Distributed database services
Distributed databases are built for horizontal scaling and global distribution. You can read and write your data to a specific location whilst still using the same technology and frontend (let’s say an Azure Web App). This sounds a lot like sharding but distributed databases services are much more than that in terms of replication, scaling and partitioning. Azure provides one of these services in the form of CosmosDB  and is considered serverless. Note that this probably requires a different database model as that you’re used to. But if you’re scaling globally, CosmosDB is one of those services that you want to consider using.

In additional to databases there is also “content” in general and the access / endpoint of that content. First of you want to store content close to your customers, without having to copy and paste it all over the globe. Long story short: you need a Content Delivery Network. Microsoft provides this in the form of Azure CDN Azure CDN provides seamless integration with most Azure PaaS services.

And last but not least you want to provide your users with a single endpoint, regardless of where they are. Depending on your use case, Azure Traffic Manager will provide just that for you. Based on DNS, traffic manager will route your users to the backend closest to them.

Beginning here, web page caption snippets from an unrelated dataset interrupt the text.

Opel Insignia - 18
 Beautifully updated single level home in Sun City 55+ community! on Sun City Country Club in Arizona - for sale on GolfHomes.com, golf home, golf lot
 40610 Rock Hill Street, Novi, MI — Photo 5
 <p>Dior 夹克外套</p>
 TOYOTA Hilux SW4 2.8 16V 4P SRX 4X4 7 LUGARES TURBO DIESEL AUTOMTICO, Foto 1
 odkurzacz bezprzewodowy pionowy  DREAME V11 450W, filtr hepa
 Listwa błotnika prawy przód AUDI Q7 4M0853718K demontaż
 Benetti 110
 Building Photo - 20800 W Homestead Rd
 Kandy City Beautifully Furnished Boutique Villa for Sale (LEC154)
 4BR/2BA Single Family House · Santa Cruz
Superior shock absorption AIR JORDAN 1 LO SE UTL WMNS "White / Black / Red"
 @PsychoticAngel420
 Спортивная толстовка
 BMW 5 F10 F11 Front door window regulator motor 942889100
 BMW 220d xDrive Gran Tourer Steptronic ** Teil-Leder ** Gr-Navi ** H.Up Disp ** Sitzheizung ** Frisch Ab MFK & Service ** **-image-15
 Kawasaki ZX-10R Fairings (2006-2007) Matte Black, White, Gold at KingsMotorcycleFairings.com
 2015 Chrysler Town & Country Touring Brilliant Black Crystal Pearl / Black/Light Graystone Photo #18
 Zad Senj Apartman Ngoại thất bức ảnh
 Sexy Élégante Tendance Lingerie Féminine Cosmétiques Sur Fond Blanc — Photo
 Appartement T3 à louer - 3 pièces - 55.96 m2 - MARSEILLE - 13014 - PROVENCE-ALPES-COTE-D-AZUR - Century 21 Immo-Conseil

Compliance, local laws and regulation
Depending on where your customers are, there may be different requirements for the storage data. This is the subject that you want to have all the answers to when talking to your customer. As a rule of thumb, you want to store the data there where your customer is or at least in the same country / region where the same laws and regulations are applicable. You probably already want to do this to manage latency, this is just another reason to store the data close to your customers.

When it comes to compliance: Microsoft provides you with Trust Center where you can browse through all the compliance offerings Microsoft Provide. Additionally, Microsoft has provided thorough documentation on how Azure is built up from a security perspective. For instance: take a look at isolation which is one of those questions that comes back during many onboarding sessions. It is not so much that you can always influence the Azure Architecture, but it is trivial that you understand it and can explain it to your customers.

What’s important is that you look at how you distribute your data and that you can implement the technological requirements for that specific country. And in most cases if you go with the options as we described in the previous paragraph then you have those options. In rare cases there might be different requirements (government customers). In those cases, Microsoft has specific technologies such as isolation regions such as Azure Government and Azure Germany.

To wrap it up. There are many ways you can scale, and each strategy has different implications for your solution. What’s important to know is that there is always a quick win and whether you have through of scaling before hand or not, moving your solution to Azure will benefit you. All technologies are there for you to use and succeed in growing your business but it’s up to you to decide where your quick wins are and what your business case is for the short and long term.